In addition to regulating the constitutional relations between the king and the Hungarian nation, Law XII accepted the unity of the Habsburg lands for purposes of conducting certain economic and foreign affairs in common. The compromise was thus the logical result of an attempt to blend traditional constitutional rights with the demands of modern administration. In December 1867 the section of the Reichsrat representing the non-Hungarian lands of the Habsburg empire (known as the engerer Reichsrat) approved the compromise. Though after 1867 the Habsburg monarchy was popularly referred to as the Dual Monarchy, the constitutional framework was actually tripartite, comprising the common agencies for economics and foreign affairs, the agencies of the kingdom of Hungary, and the agencies of the rest of the Habsburg lands—commonly but incorrectly called “Austria.” (The official title for these provinces remained “the kingdoms and lands represented in the Reichsrat” until 1915, when the term “Austria” was officially adopted for them.)

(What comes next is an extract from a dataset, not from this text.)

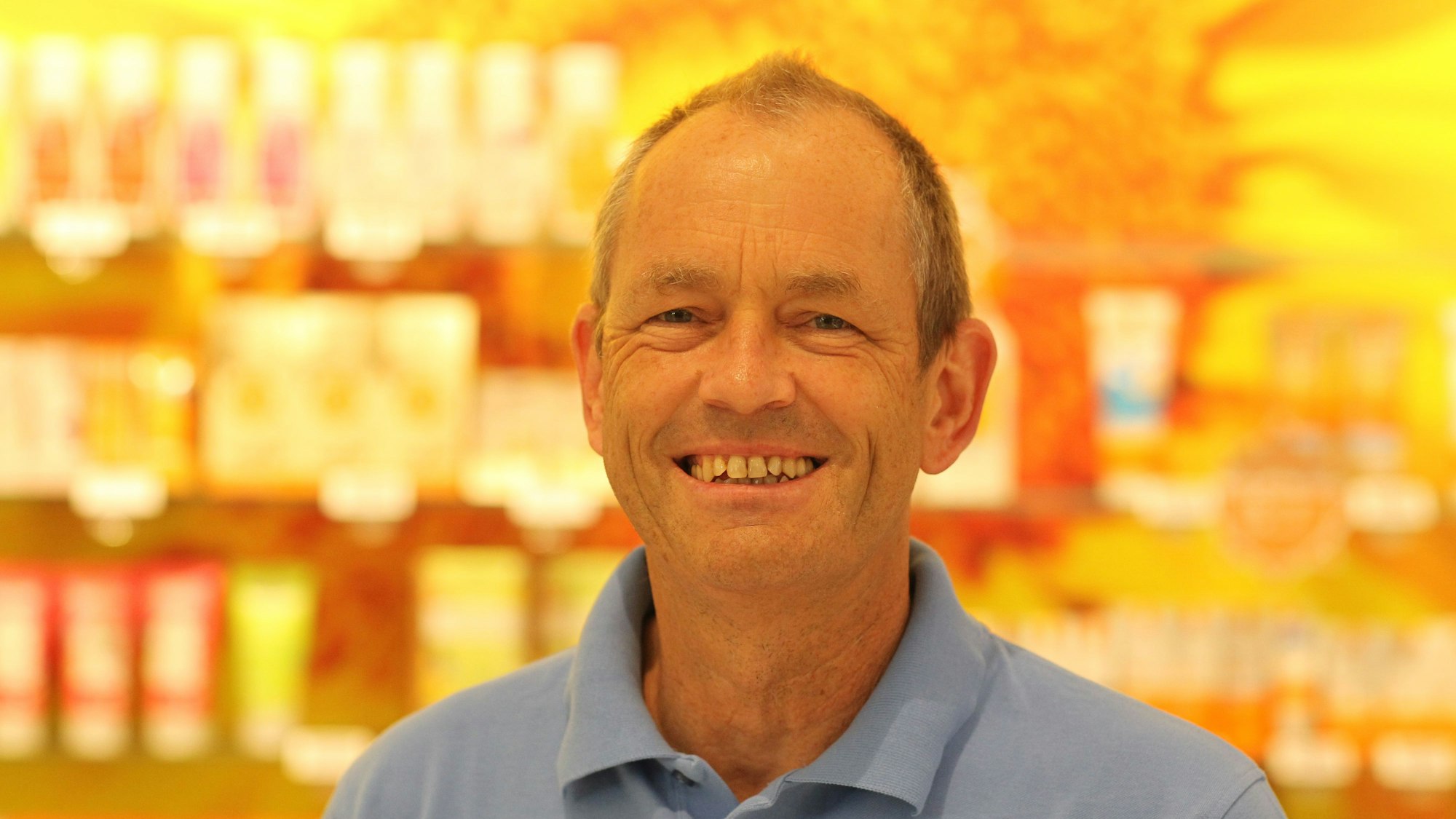 Apotheker Florian Wehrenpfennig (58) aus der Rathaus-Apotheke im Huma in Sankt Augustin steht vor einem Regal mit Medikamenten.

Under the Ausgleich, both parts of the Habsburg monarchy were constitutionally autonomous, each having its own government and a parliament composed of an appointed upper and an elected lower house. The “common monarchy” consisted of the emperor and his court, the minister for foreign affairs, and the minister of war. There was no common prime minister and no common cabinet. Common affairs were to be considered at the “delegations,” annual meetings of representatives from the two parliaments. For economic and financial cooperation, there was to be a customs union and a sharing of accounts, which was to be revised every 10 years. (This decennial discussion of financial quotas became one of the main sources of conflict between the Hungarian and Austrian governments.) There would be no common citizenship, but such matters as weights, measures, coinage, and postal service were to be uniform in both areas. There soon developed the so-called gemeinsamer Ministerrat, a kind of crown council in which the common ministers of foreign affairs and war and the prime ministers of both governments met under the presidency of the monarch. The common ministers were responsible to the crown only, but they reported annually to the delegations.

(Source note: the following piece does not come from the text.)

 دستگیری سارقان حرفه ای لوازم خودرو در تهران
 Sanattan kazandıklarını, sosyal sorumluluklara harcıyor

The Ausgleich for all practical purposes set up a personal union between the lands of the Hungarian crown and the western lands of the Habsburgs. The Hungarian success inspired similar movements for the restoration of states’ rights in Bohemia and Galicia. But the monarch, who only reluctantly had given in to Hungarian demands, was unwilling to discontinue the centralist policy in the rest of his empire. Public opinion and parliament in Austria were dominated by German bourgeois liberals who opposed the federalization of Austria. As a prize for their cooperation in compromising with the Hungarians, the German liberals were allowed to amend the 1861 constitution known as the February Patent; the Fundamental Laws, which were adopted in December 1867 and became known as the December constitution, lasted until 1918. These laws granted equality before the law and freedom of press, speech, and assembly; they also protected the interests of the various nationalities, stating that
all nationalities in the state enjoy equal rights, and each one has an inalienable right to the preservation and cultivation of its nationality and language. The equal rights of all languages in local use are guaranteed by the state in schools, administration, and public life.

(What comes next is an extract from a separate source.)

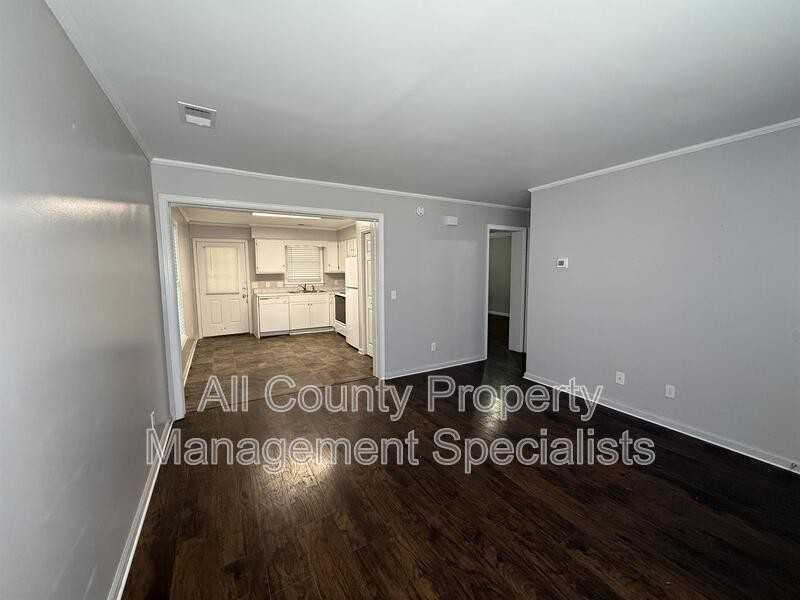 1908 Greenoaks Rd #B - Photo 3 of 10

The authority of parliament was also recognized. Such provisions, however, were more a promise than a reality. Although parliament, for instance, did theoretically have the power to deal with all varieties of matters, it was, in any case, not a fully representative parliament (suffrage was restricted, and it was tied to property provisions until 1907). In addition, the king was authorized to govern without parliament in the event that the assembly should prove unable to work. Austrian affairs from 1867 to 1918 were, in fact, determined more by bureaucratic measures than by political initiative; traditions dating from the reign of Joseph II, rather than capitalist interests, characterized the Austrian liberals.